Caption-style text data
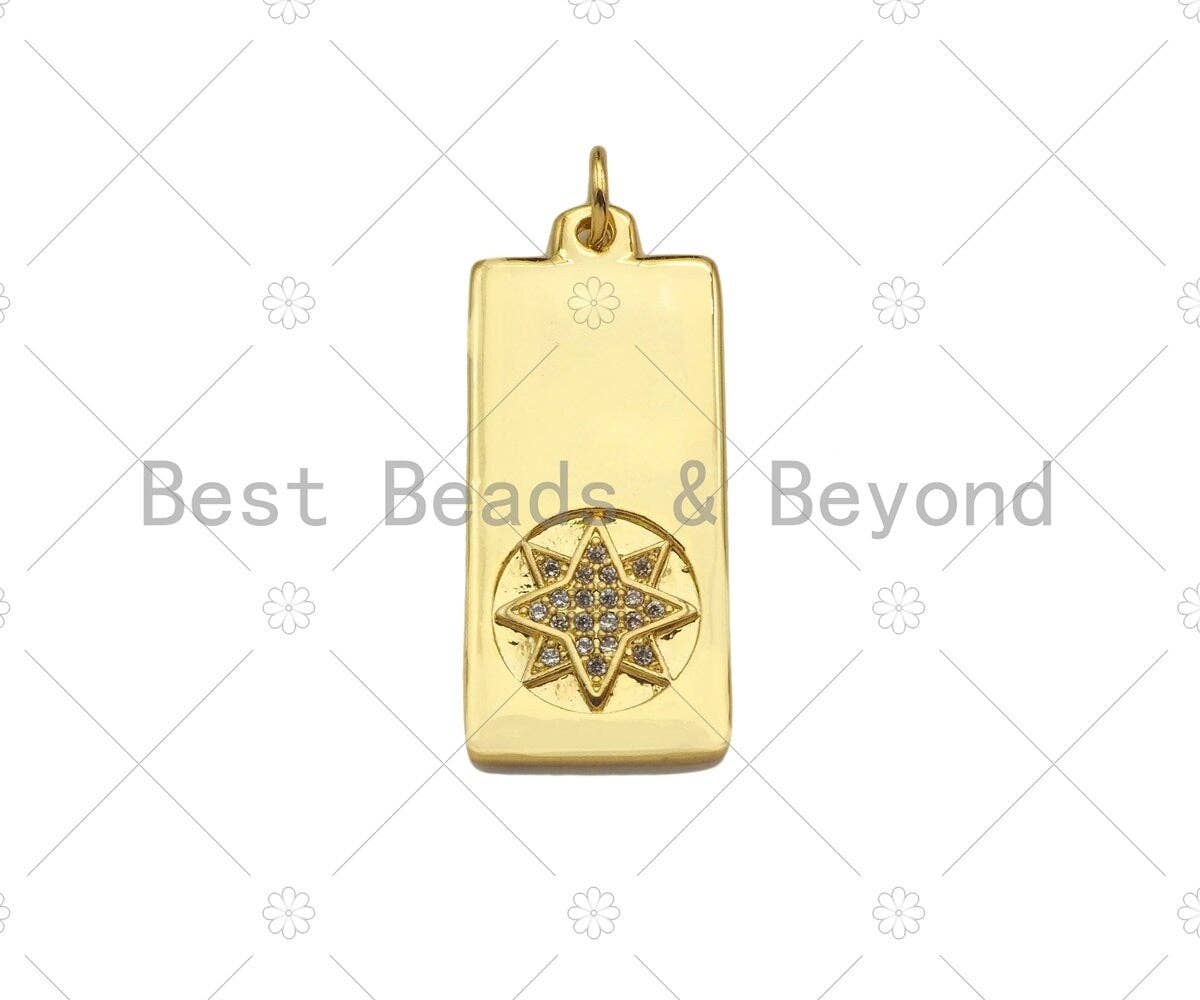 CZ Micro Pave Butterfly Moon Five Point Star North Star On Rectangle Pendant,CZ Medallion Charm, Necklace Bracelet Charm,12x28mm, Sku#LK278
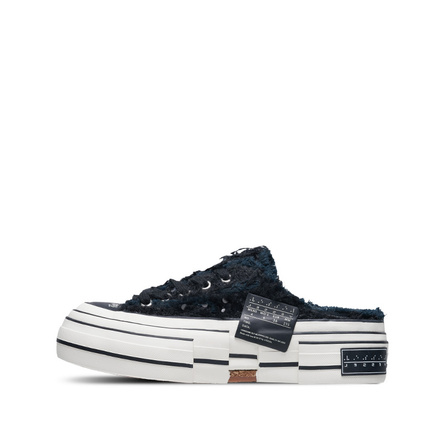 VESSEL Swan Zhiyao Long Velvet Glitter Mules Wear-resistant And Lightweight Low-Top Canvas Shoes Unisex Black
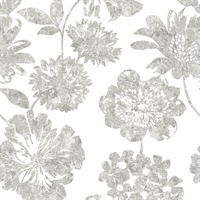 Folia Taupe Floral Wallpaper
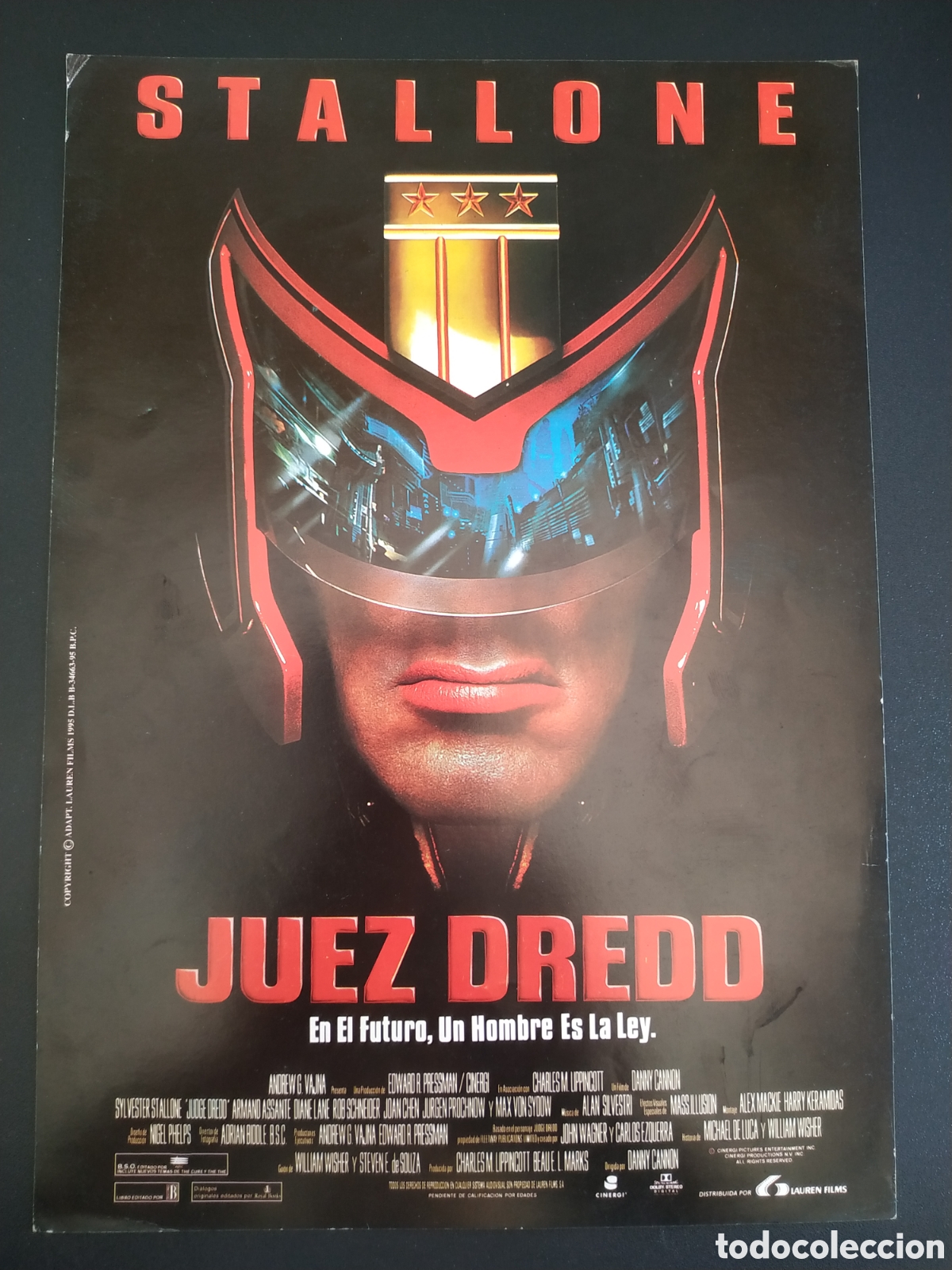 Cine: JUEZ DREDD - SYLVESTER STALLONE ARMAND ASSANTE DIANE LANE - LAUREN FILMS GUIA DE CINE ORIGINAL B79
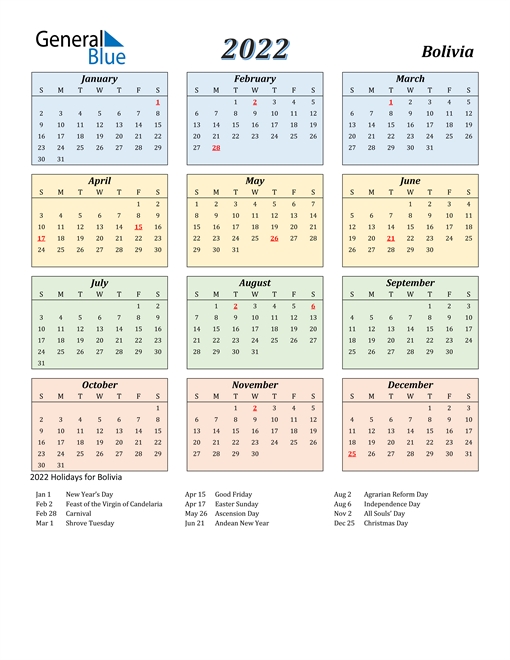 2022 Bolivia Calendar With Holidays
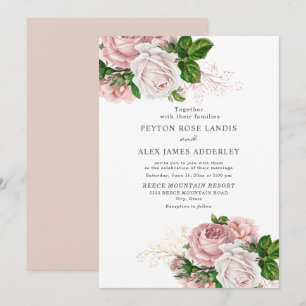 Elegant Blush Pink Vintage Roses Floral Wedding Invitation
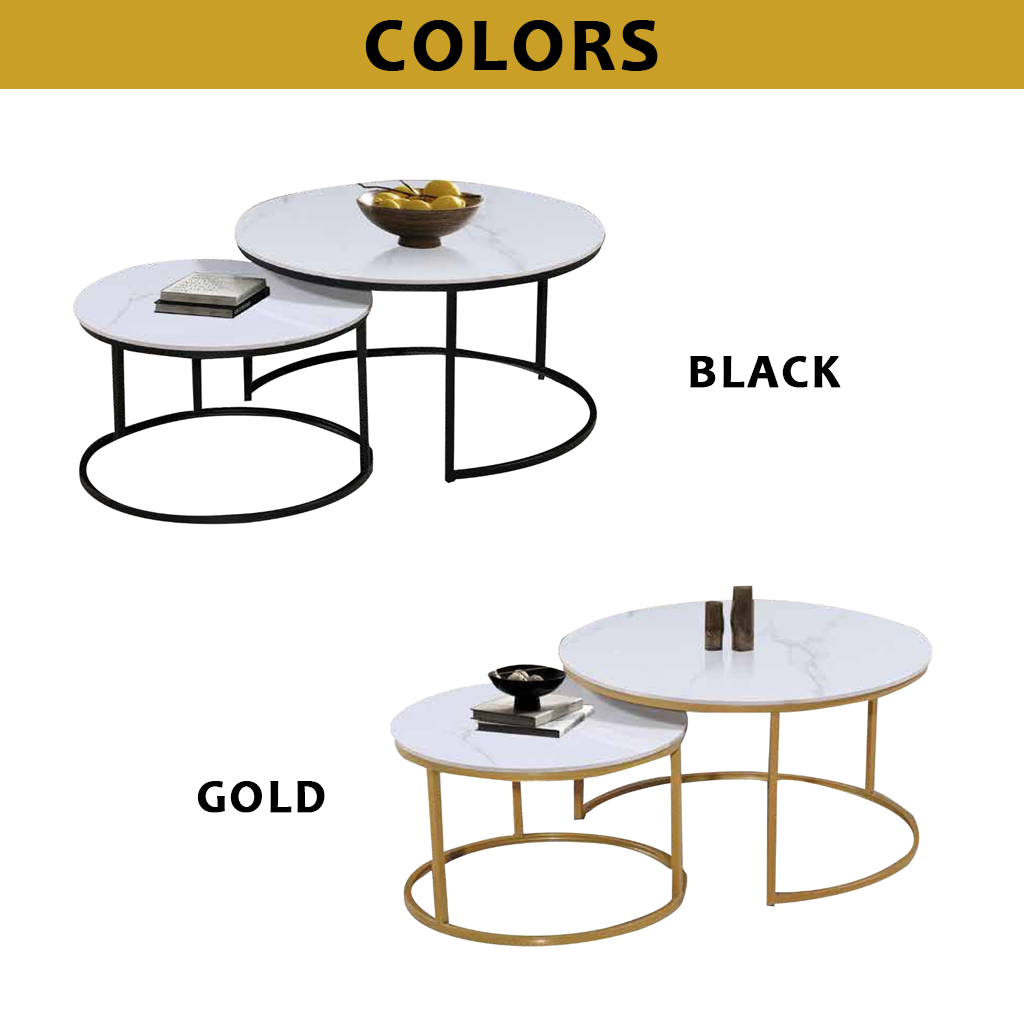 Vieda Premium Coffee Center Table Steel Metal Leg + Marble Ceramic Top - 2 Colors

### ASSIGNMENT
This exercise calls for a verbatim output of the entries, pictures omitted.

### ANSWER TO THIS PROBLEM
 CZ Micro Pave Butterfly Moon Five Point Star North Star On Rectangle Pendant,CZ Medallion Charm, Necklace Bracelet Charm,12x28mm, Sku#LK278
 VESSEL Swan Zhiyao Long Velvet Glitter Mules Wear-resistant And Lightweight Low-Top Canvas Shoes Unisex Black
 Folia Taupe Floral Wallpaper
 Cine: JUEZ DREDD - SYLVESTER STALLONE ARMAND ASSANTE DIANE LANE - LAUREN FILMS GUIA DE CINE ORIGINAL B79
 2022 Bolivia Calendar With Holidays
 Elegant Blush Pink Vintage Roses Floral Wedding Invitation
 Vieda Premium Coffee Center Table Steel Metal Leg + Marble Ceramic Top - 2 Colors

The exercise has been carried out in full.